Eu nunca fui uma pessoa consumista. Nem um pouco. Minha mãe costuma insistir e me oferecer dinheiro para que eu vá comprar roupas novas, pois as minhas estão em constante estado de decomposição. Não tenho nem telefone celular, nunca tive. Já tentaram me presentear com alguns, mas eu os coloquei em algum lugar e nunca usei. Entretanto eu tenho um pequeno ponto fraco: literatura.
Definitivamente tento evitar o máximo possível entrar em sebos, ou literalmente gasto todo o dinheiro que carrego na carteira, TODO mesmo. Se, por algum acaso não encontrar algum livro que me interesse — o que seria bem incomum — por um preço que eu posa pagar — o que não é tão incomum assim —, sempre têm as HQs.
Ao lado do prédio do Instituto de Artes da UFRGS existe um sebo, a que eu bravamente resisti por vários meses, adotando técnicas como andar sempre pelo outro lado da rua, ou olhar para o longe ou para o alto ao passar em frente à sua porta. Mas é complicado resistir a uma tentação constante, e sucumbi ao seu chamado. Entre outras coisas, o que eu encontrei lá foram várias edições de Homem-Aranha 2099 e X-Men 2099 por preços de R$ 1,00 e R$ 0,75 cada. E, havia algum tempo, tentara eu completar minha coleção dessas revistas — que eu cheguei a comprar alguns números esporádicos quando foram publicadas na década de ’90 — mas quase desistira de tal objetivo, até esse dia. Claro que gastei todo meu dinheiro e adquiri todos os exemplares que encontrei na prateleira que eu não tinha, e agora minha coleção quase está completa.
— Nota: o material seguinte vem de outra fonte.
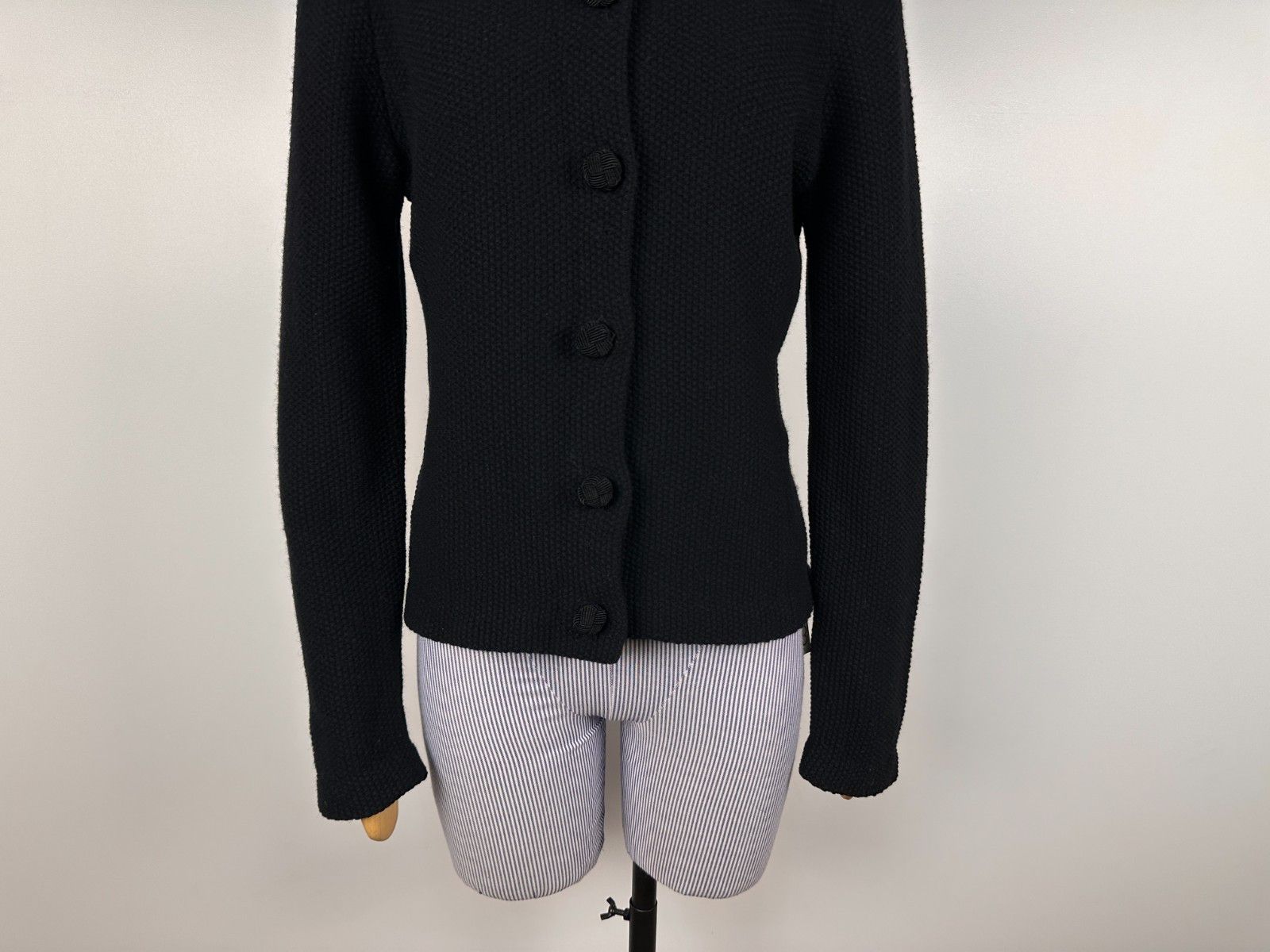 Ralph Lauren Lauren Ralph Lauren Cardigan Button Sweater Black Size M Size M / US 6-8 / IT 42-44 - 3 Thumbnail
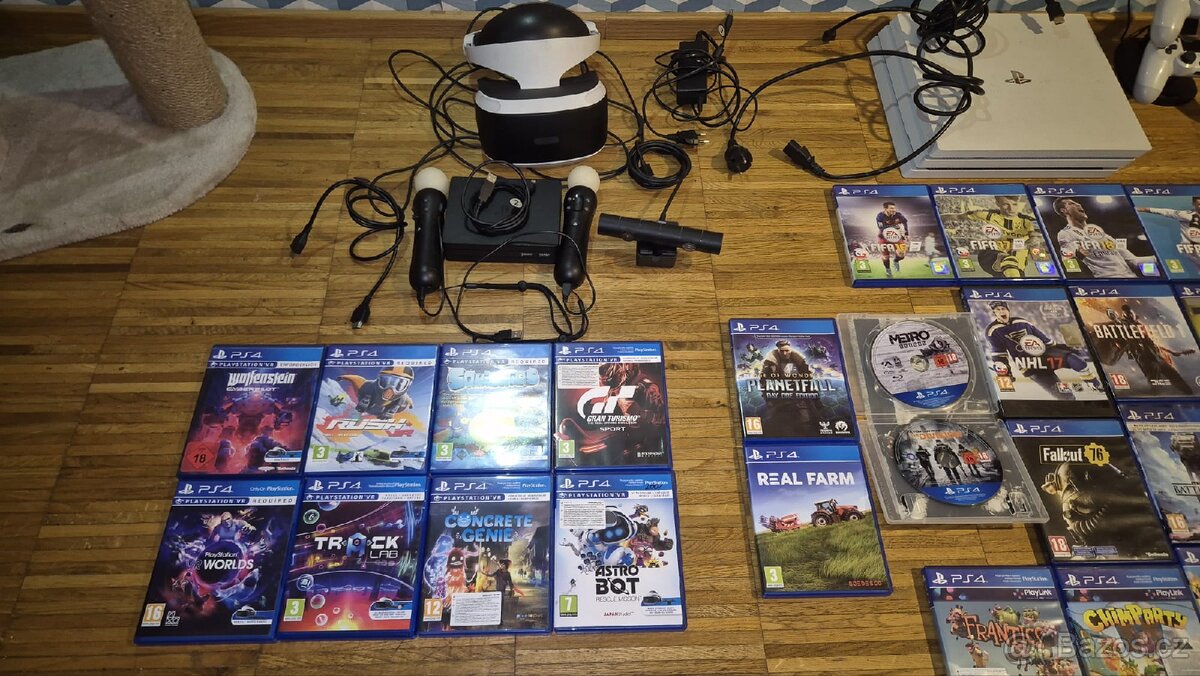 PlayStation 4 PRO, Virtuální Realita VR1, Hry na PS4 - 3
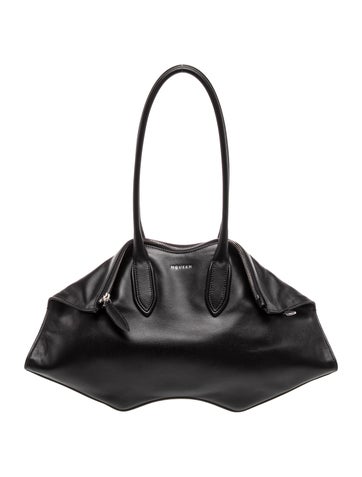 Leather Manta Tote Bag Large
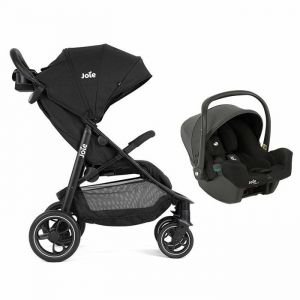 Joie Poussette duo litetrax + Si&egrave;ge-auto I-Snug 2 - Shale
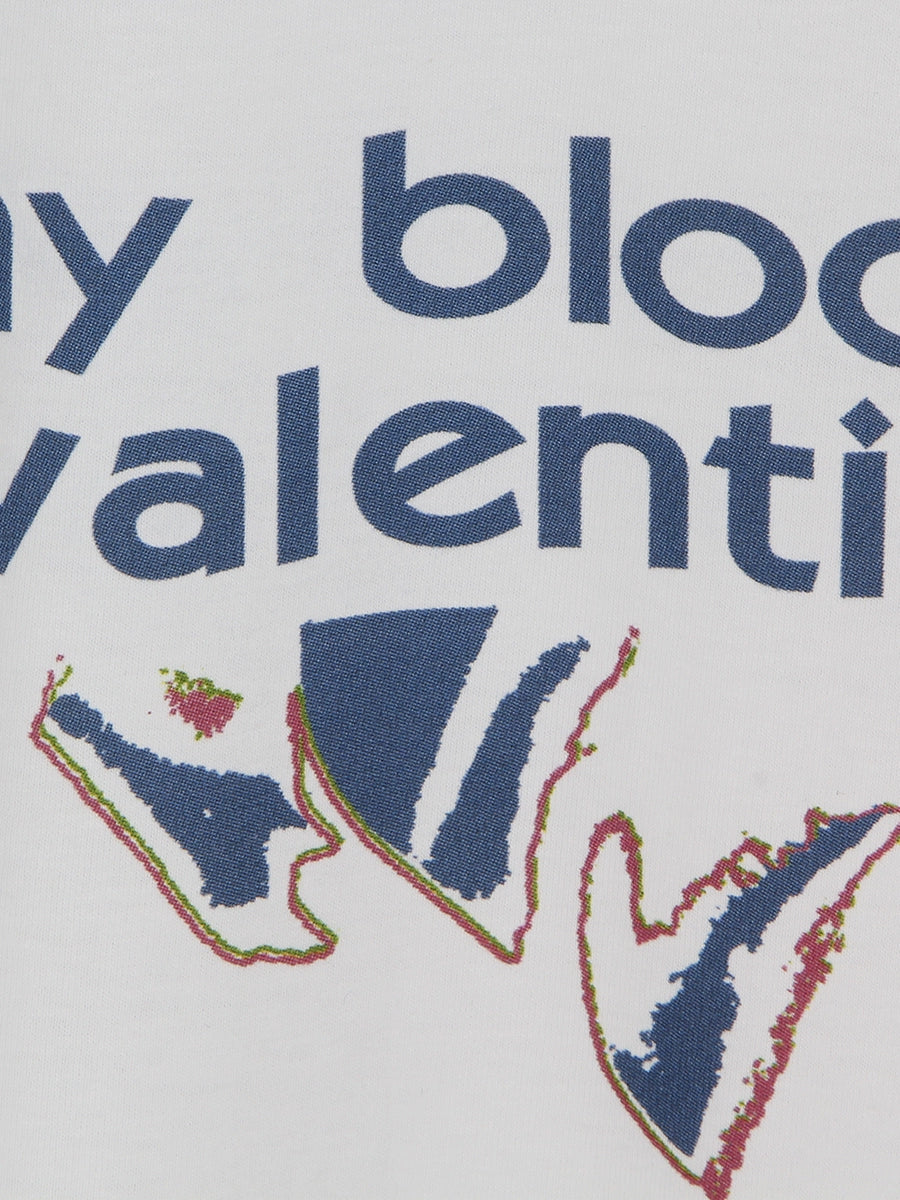 My Glider Casual Printed Short Sleeves Cotton T-shirt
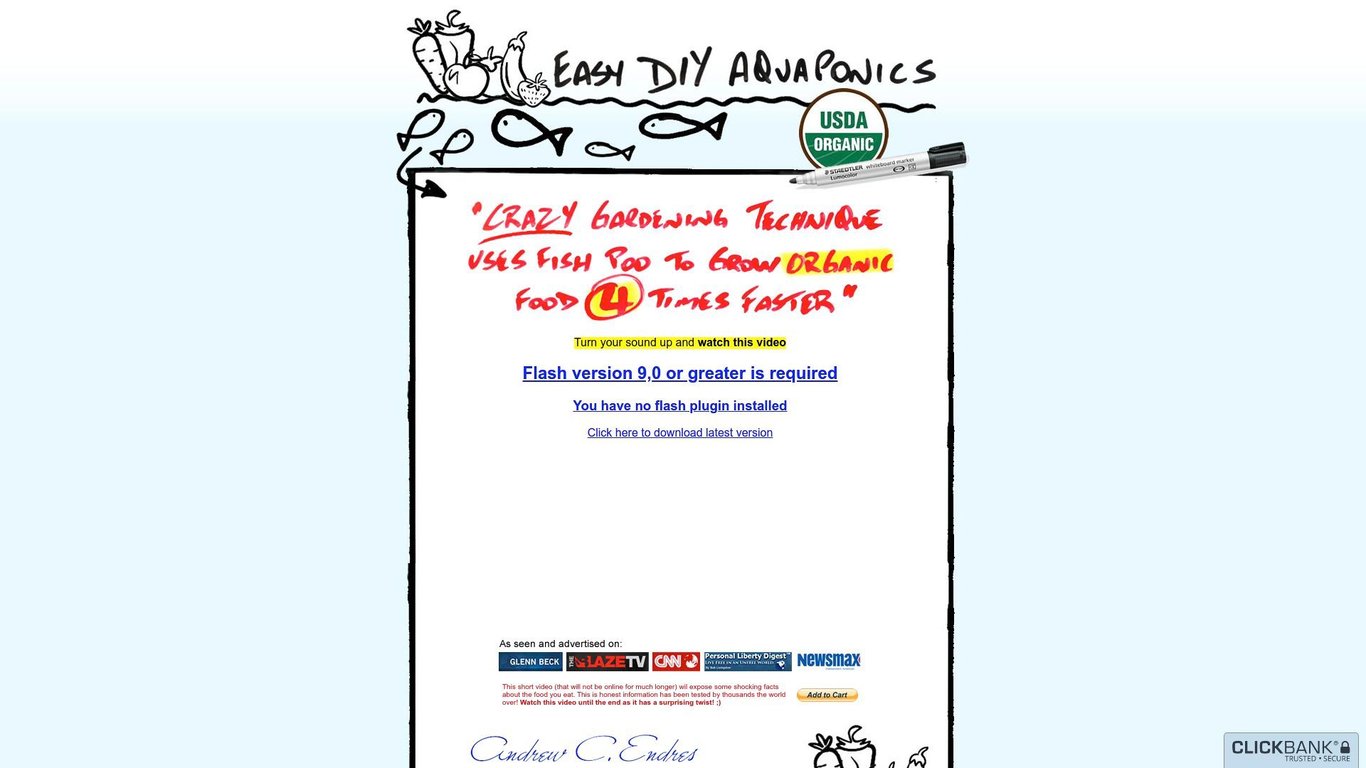 Attn: Super Affiliates: Highest EPC Aquaponics Site! O_O See proof!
Sobre a série 2099 da Marvel, talvez alguns não a conheçam. Essa história começou em 1992 com uma aventura escrita por Stan Lee e desenhada por Paul Ryan chamada Ravage 2099. Nela era contada a história de Paul Philip Ravage, um agente da polícia ambiental em um EUA no ano de 2099. Ravage tem tanta fé no trabalho que realiza e nos seus chefes da corporação Alchemax que não acredita quando ouve uma denúncia feita por um menino de que seu pai fora assassinado por descobrir que a maior rede de corrupção relacionada à poluição ambiental ficava dentro da própria Alchemax, e sua equipe de patrulha ambienta não passava de fachada. Ao questionar seus líderes, Ravage é vítima de uma tentativa de assassinato, bem como de uma armação que lhe dava diante do público o crédito por todos os esquemas de corrupção dentro da companhia. Após escapar do atentado, Ravage se arma em um ferro-velho construindo uma armadura bem duvidosa com lixo metálico e usando um velho caminhão de lixo como base de operações (!).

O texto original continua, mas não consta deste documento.